Aspiring Starlets and the American Sleaze Machine
by John Lawrence
For some women Hollywood moguls are sexual predators. For others they are a potential way of becoming a star, a means to an end. There are those that are repulsed by the casting couch as well they should be. It is just the first step, an entree of sorts, into an industry that is characterized by sleaze. So it is altogether fitting that the first introduction to the industry is a sleazy encounter with the likes of Harvey Weinstein. After all if your goal is to purvey sleaze, why not immerse yourself in the real life sleaze that goes on behind the scenes?
For other women a rejection of the casting couch means that they will probably never make it in the sleazy movie industry. They should rejoice in that fact alone because then they might have a chance to lead a more healthy, productive and ethical life.
The first movie that Harvey Weinstein fully financed was Pulp Fiction. Its script was reportedly turned down by Columbia TriStar as "too demented". Miramax co-chairman Harvey Weinstein was instantly enthralled with it. The film is about criminality, drugs and murder, a wonderful combination that is what aspiring starlets who make the cut will be involved in. The entertainment industry is inherently sleazy. Pulp Fiction won a lot of awards; it was considered a great movie. Nevertheless, it characterized the vacuity and emptiness of unproductive lives involved in borderline and in some cases outright criminality. This is what women, who want to become known in that industry and who will do anything to attain their goal, including accepting the advances of Harvey Weinstein and others like him, aspire to.

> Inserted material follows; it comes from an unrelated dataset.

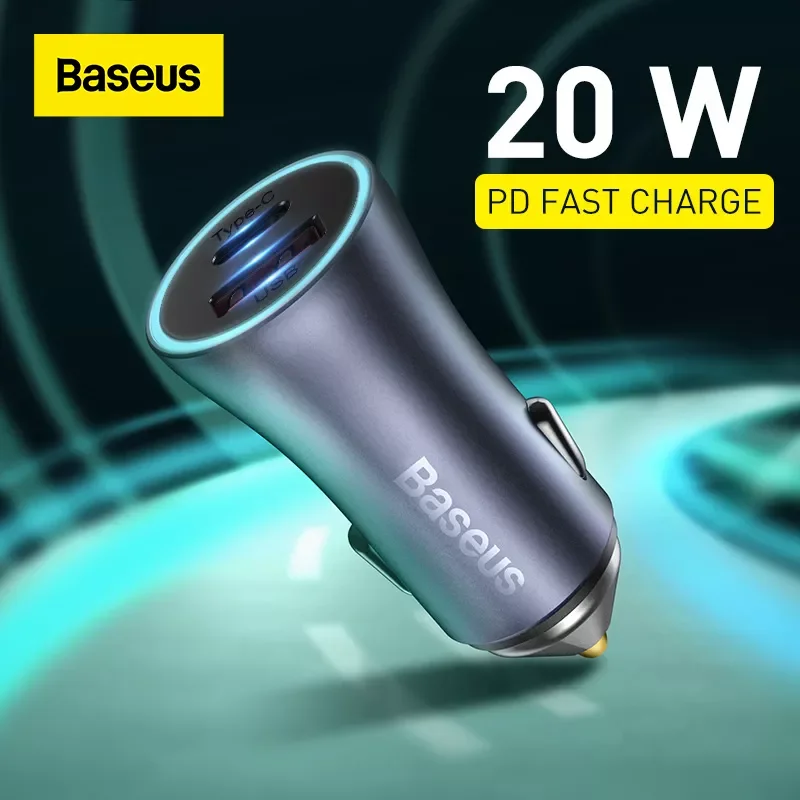 

Автомобильное зарядное устройство Baseus PD 20 Вт, быстрое зарядное устройство USB для быстрой зарядки телефона 4,0 3,0 Type C PD, зарядное устройство дл...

Some who accept mogul advances and then never become big stars have a case of sour grapes and later decide that they were taken advantage of. Some of these "come forward" with accusations many years later after having a change of heart regarding that encounter which was a potential entree into the movie business. The ethical ones reject mogul advances in the first place and make the decision that it isn't worth it even if that means they are throwing away their chances at becoming a star.
What is purveyed onscreen in many but not all cases is a twisted, illicit sexuality which evidently is more entertaining than sex which is portrayed as part of a love affair. I have no problem with sex as an inherent part of a love story between two consenting married or unmarried adults. But this kind of sexuality is not the kind that sells most movies. This is the kind that brands a movie as a "chick flick" or a European movie which is too dull for most American audiences. American audiences want cultural depravity and this is what producers like Harvey Weinstein know will sell.
The bottom line is that women shouldn't be too outraged when the vicarious sleaze portrayed on the Big Screen turns out to be the reality of real life in an industry in which fantasy and reality merge. You can only realistically commit to portraying sleaze if you are fully committed to it in real life. You have to live what you then can realistically portray. It's called method acting, the Stanislavski system. Women with a moral or ethical bone in their body should expect to be part of movie moguls' real life, reject it and go on to something better. They might not then become famous though. Too bad. They will just have to live with that.